Abstract: Recent works on sparse neural network training (sparse training) have shown that a compelling trade-off between performance and efficiency can be achieved by training intrinsically sparse neural networks from scratch. Existing sparse training methods usually strive to find the best sparse subnetwork possible in one single run, without involving any expensive dense or pre-training steps. For instance, dynamic sparse training (DST), is capable of reaching a competitive performance of dense training by iteratively evolving the sparse topology during the course of training. In this paper, we argue that it is better to allocate the limited resources to create multiple low-loss sparse subnetworks and superpose them into a stronger one, instead of allocating all resources entirely to find an individual subnetwork. To achieve this, two desiderata are required: (1) efficiently producing many low-loss subnetworks, the so-called cheap tickets, within one training process limited to the standard training time used in dense training; (2) effectively superposing these cheap tickets into one stronger subnetwork. To corroborate our conjecture, we present a novel sparse training approach, termed Sup-tickets, which can satisfy the above two desiderata concurrently in a single sparse-to-sparse training process. Across various modern architectures on CIFAR-10/100 and ImageNet, we show that Sup-tickets integrates seamlessly with the existing sparse training methods and demonstrates consistent performance improvement.
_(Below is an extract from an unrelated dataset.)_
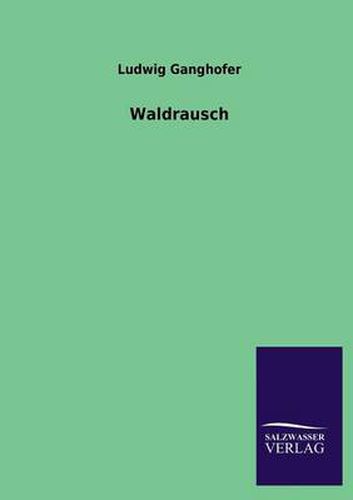 Cover image for Waldrausch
This code base is created by Lu Yin [email protected] during his Ph.D. at Eindhoven University of Technology.

This repository contains implementaions of sparse training methods: GraNet, RigL, In-Time Over-Parameterization, SET

The implementation is heavily based on Shiwei Liu' implemenation for GraNet

Requirements

The library requires Python 3.7, PyTorch v1.10.0, and CUDA v11.3.1. Other version of Pytorch should also work.

How to Run Experiments

Options

Options for sparse training
* --sparse - Enable sparse mode (remove this if want to train dense model)
* --method - type of sparse training method. Choose from: GraNet, GraNet_uniform, DST, GMP, GMP_uniform
* --sparse-init - type of sparse initialization. Choose from: ERK, uniform, GMP, prune_uniform, prune_global, prune_and_grow_uniform, prune_and_grow_global, prune_structured, prune_and_grow_structured
* --model (str) - type of networks
* --growth (str) - growth mode. Choose from: random, gradient, momentum
* --prune (str) - removing mode. Choose from: magnitude, SET, threshold
* --redistribution (str) - redistribution mode. Choose from: magnitude, nonzeros, or none. (default none)
* --init-density (float) - initial density of the sparse model. (default 0.50)
* --final-density (float) - target density of the sparse model. (default 0.05)
* --init-prune-epoch (int) - the starting epoch of gradual pruning.
* --final-prune-epoch (int) - the ending epoch of gradual pruning.
* --prune-rate (float) - The pruning rate for Zero-Cost Neuroregeneration.
* --update-frequency (int) - number of training iterations between two steps of zero-cost neuroregeneration.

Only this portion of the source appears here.